Mycroft is still for a moment, and the tension creeps out of his body, incrementally. He squeezes Lestrade’s hand. “Yes,” he says. “It did, at that.” And he breathes deep, leans a bit more into the circle of Lestrade’s arm, and they sit there, their hands joined on Mycroft’s thigh. A few passersby look at them, and one woman’s eyes narrow, but that’s all. Lestrade ignores the reflex to put a little space between them, and then he can’t because the girls rush the bench, Betsy flopping down beside him, Corrie on Mycroft’s other side.

Isn’t it time, Betsy wants to know, to get to the museum if they’re going to be there in time for the programme on the Sutton Hoo burial? And Corrie is push-pulling them up, up, up; don’t they know that’s the helmet on the _Beowulf_ book? Hurry, hurry, hurry.

Mycroft hangs his umbrella from his right wrist, twines the fingers of his left hand with Lestrade’s right as they walk.

***

Lestrade comes out of the toilet, running his tongue over his mint-clean teeth, to find Mycroft behind that goddamned screen again. It’s not his place to say anything about it; he knows Mycroft’s trying, knew this wasn’t going to happen the way he’s been used to relationships happening from the beginning. It’s not even that Mycroft doesn’t want to get naked in front of him—the thing with the screen is that it’s somehow a way to conceal himself from even the empty room. Lestrade’s trying to find a way to wrap his brain around words for that, something that isn’t going to sound accusatory. He still feels a little raw from the afternoon, doesn’t quite trust his own mouth because he knows he’s not very good at this part, when the sound registers as different: faster. Mycroft is usually meticulous about hanging each article of clothing, smoothed and folded on the correct seams. Now, his jacket is flopped over one edge of the screen, near to falling off. Now, there is only the soft, clothy thump of his trousers hitting the floor, the near-silent shuffle of pyjamas. Lestrade slows his own hands, only bothers with putting aside his wallet and keys and belt.

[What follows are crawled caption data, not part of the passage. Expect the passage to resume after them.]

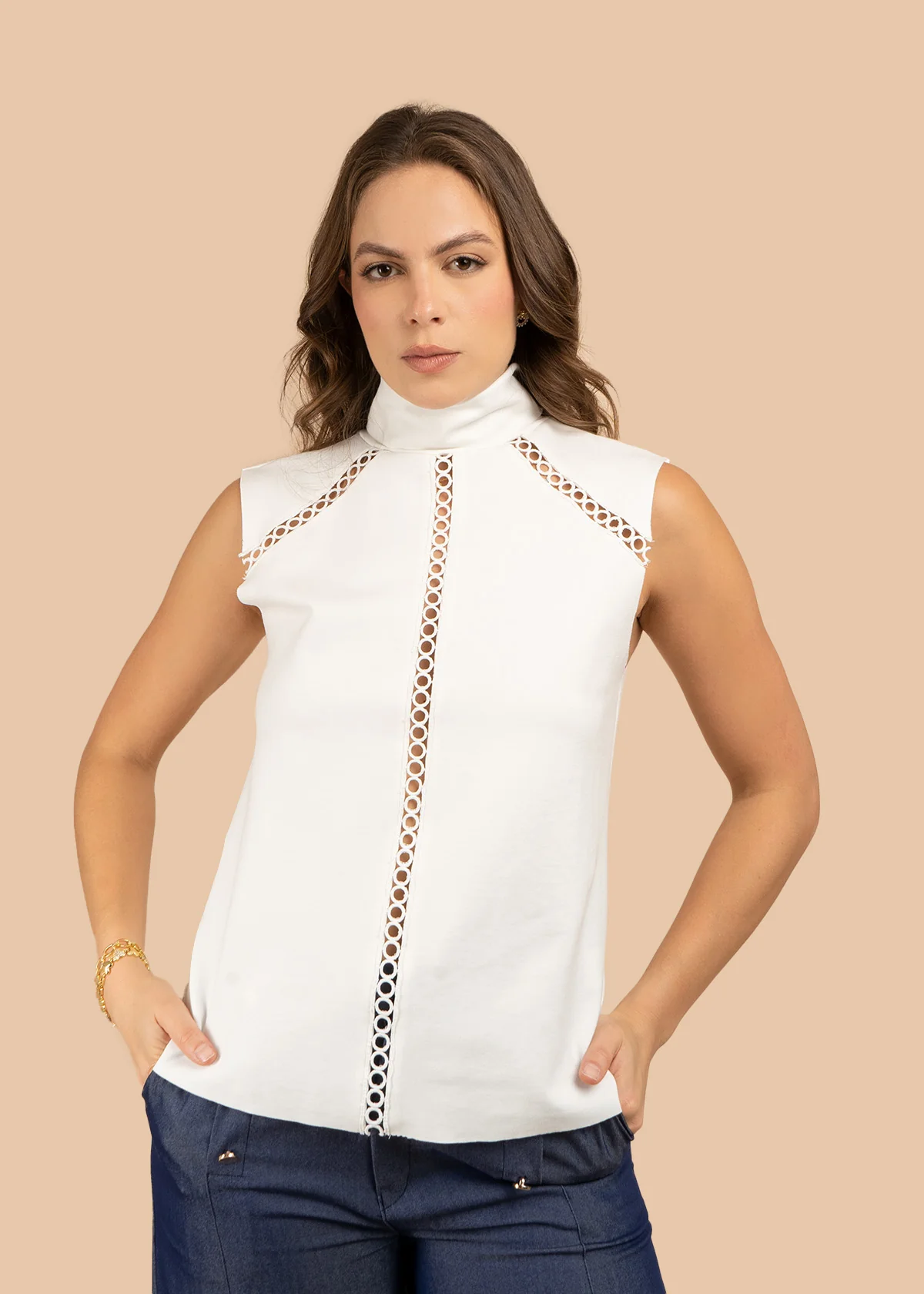 Blusa color blanco con cuello alto y detalles calados 106312 - Image 5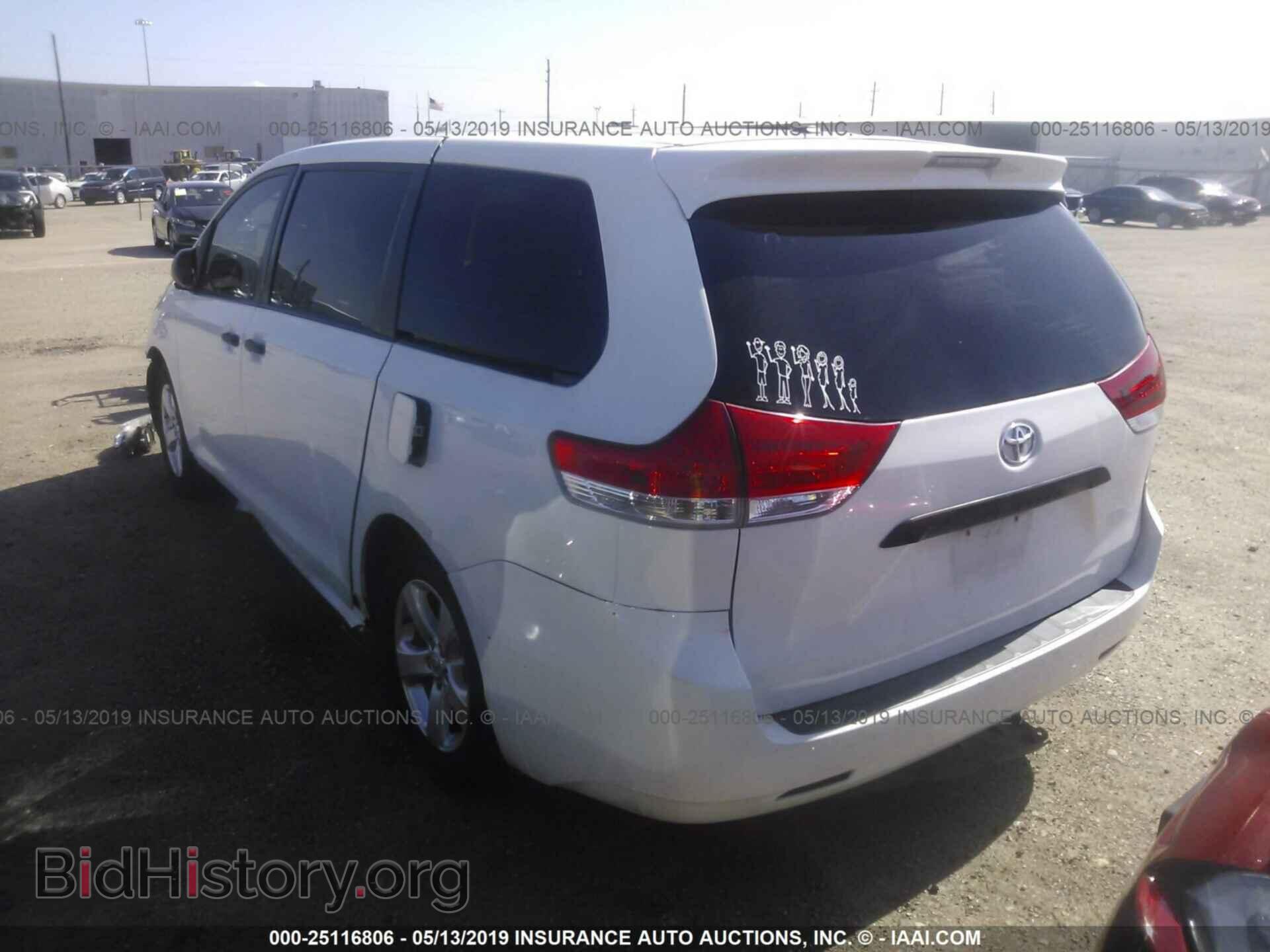 2013 TOYOTA SIENNA - VIN: 5TDZK3DC8DS395202 - Фото 3
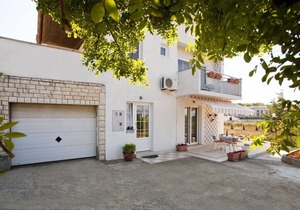 Apartment Luka A2(4) - Vrbnik, Island Krk, Croatia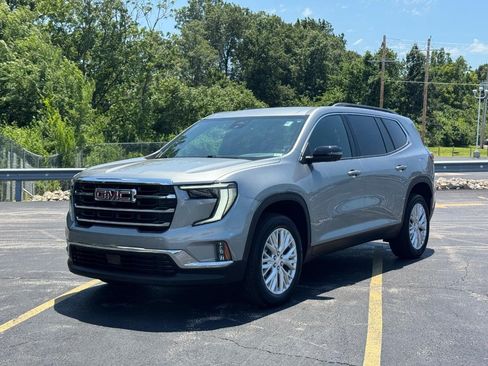 Used 2026 GMC Acadia Elevation w/ Elevation Premium Package FWD image 9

Mycroft comes around the edge of the screen, his fingers doing up the two buttons closest to the bottom of his shirt, and there he stops. The rest of it gapes, and Mycroft’s neck and cheeks are flushed, but he’s looking at Lestrade, his chin high.

Lestrade crosses the space between them, kisses Mycroft’s lips, both sides of his neck, the center of his chest. And this time, he does rub his cheek there, just a moment, before pulling Mycroft to the bedside. Lestrade tugs his thermal up and off, and before he can reach for the t-shirt he’s been sleeping in, Mycroft’s kissing him, the base of his throat. He lets the shirt where it was, tucked around the bottom poster of the bed, and opens his jeans, pushes them down his thighs. His prick twitches as Mycroft’s eyes follow the descending denim, and Mycroft lifts one bare foot to press the cloth down until Lestrade steps out. Until he’s standing there in nothing but his boxer-briefs in front of Mycroft, who is barefoot and partially bare-chested, his pyjama shirt listing left, drooping to show more of his shoulder. It feels strangely even.

Mycroft glances down his body, but he doesn’t touch. He looks long in the way he hasn’t let himself do before, and the weight of his gaze is a pleasant heat that hardens Lestrade further, that makes him want to undress completely so Mycroft can see all of him, but he doesn’t. And Mycroft doesn’t touch until his eyes settle on the round, gnarled scar a few inches above his left knee. Then his fingertips slip around its edges, into the cratered center.

“Explain,” Mycroft says, his voice soft but firm.

Lestrade clears his throat. This is not where he’d expected this to be going. “Bit of incentive to try harder to quit smoking.”

Mycroft’s tilts his head: explain further.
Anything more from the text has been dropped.